If a line below falls between the line with "37.52 in. 5-Light" and the line with "WARSZAWA 83. ROCZNICA", or is one of those two, output it exactly; output nothing else and no pictures.

** Opening Data to examine block **

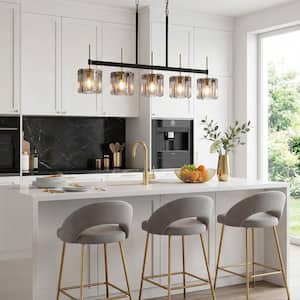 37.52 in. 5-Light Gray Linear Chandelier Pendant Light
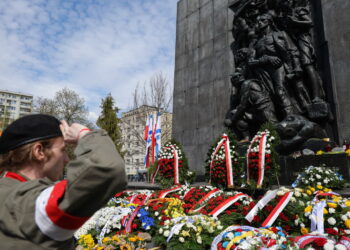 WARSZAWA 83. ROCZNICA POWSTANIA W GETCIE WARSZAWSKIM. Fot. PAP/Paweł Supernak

** Closing Data to examine block **
** Opening Data to examine block **

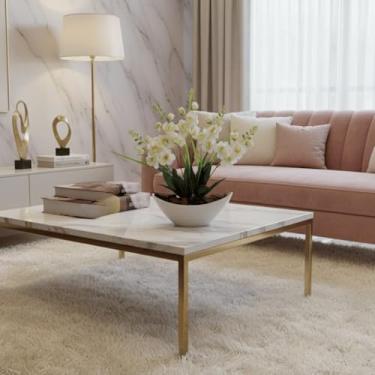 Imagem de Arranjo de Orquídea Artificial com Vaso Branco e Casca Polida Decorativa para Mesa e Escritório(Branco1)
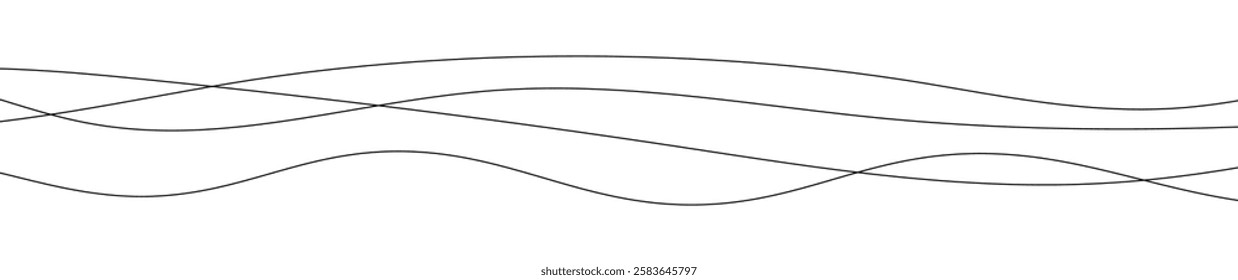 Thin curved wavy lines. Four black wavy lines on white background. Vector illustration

** Closing Data to examine block **

The answer:
 37.52 in. 5-Light Gray Linear Chandelier Pendant Light
 WARSZAWA 83. ROCZNICA POWSTANIA W GETCIE WARSZAWSKIM. Fot. PAP/Paweł Supernak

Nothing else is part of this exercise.